The command for adding the reference lines produces the error:
Error: When _setting_ aesthetics, they may only take one value. Problems: label
Could you please correct the code?
Getting the same bug here… Error: When _setting_ aesthetics, they may only take one value. Problems: label
The code is correct, you need to load the library grid beforehand before it works.
library(grid)
I still have this issue when I’m trying to plot my own graph, even after loading grid. Is there something new I might be missing?

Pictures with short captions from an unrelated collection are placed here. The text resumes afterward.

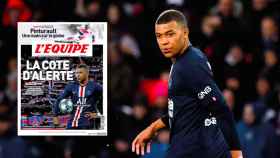 Kylian Mbappé y la portada de L'Equipe de este martes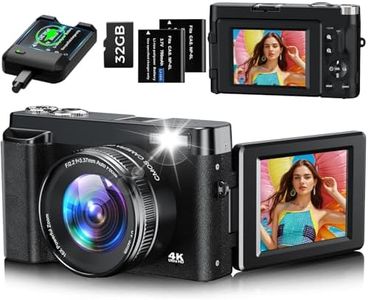 Digital Camera, 4K 48MP Autofocus Compact Digital Camera with 32G Memory Card 16X Digital Zoom, Vlogging Camera with 3.0 inch 180° Flip Screen and Charging Station for Teenagers, Beginners（Black）
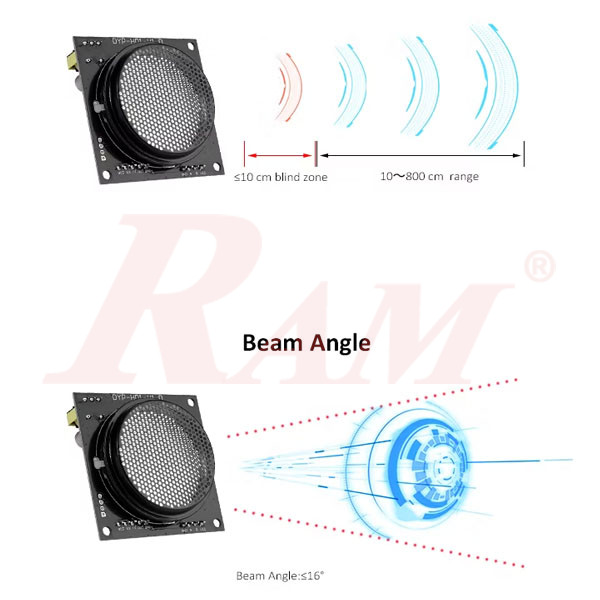 Range Finder Ultrasonic Sensor 800cm UART Output DYP-H01-V1.0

What sort of error messages do you get?
Damn… nicely done. I’m going to trace through this example as I need to do something similar for some of my graphs.
awesome!
Hi, I was following this great example and I found out that you have to do two variants if you work with R2.15.0:
p2 <- p1 + theme_bw() + scale_y_continuous(labels=math_format(.x * degree)) +
opts(title = expression("Average Monthly Temperatures (" * degree * "F)")) +
opts(panel.grid.major = none, panel.grid.minor = none) + opts(legend.position = "none") +
opts(panel.background = none) + opts(panel.border = none) + opts(axis.line = theme_segment(colour = "grey50")) +
xlab(NULL) + ylab(NULL)
p3 <- p2 + geom_vline(xintercept = c(2.9, 5.9, 8.9, 11.9), colour = "grey85", alpha = 0.5) +
geom_hline(yintercept = 32, colour = "grey80", alpha = 0.5) +
annotate("text", x = 1.2, y = 35, label = "Freezing", colour = "grey80", size = 4) +
annotate("text", x = c(1.5), y = 97, label = c("Winter"), colour = "grey70", size = 4) +
annotate("text", x = c(4.5), y = 97, label = c("Spring"), colour = "grey70", size = 4) +
annotate("text", x = c(7.5), y = 97, label = c("Summer"), colour = "grey70", size = 4) +
annotate("text", x = c(10.5), y = 97, label = c("Autumn"), colour = "grey70", size = 4)
and
data_table <- ggplot(dfm, aes(x = month, y = factor(City), label = format(value, nsmall = 1), colour = City)) +
geom_text(size = 3.5) + theme_bw() +
scale_y_discrete(labels = abbreviate, limits = c("Minneapolis", "Raleigh", "Phoenix")) +
opts(panel.grid.major = none, legend.position = "none", panel.border = none, axis.text.x = none, axis.ticks = none) +
opts(plot.margin = unit(c(-0.5, 1, 0, 0.5), "lines")) + xlab(NULL) + ylab(NULL)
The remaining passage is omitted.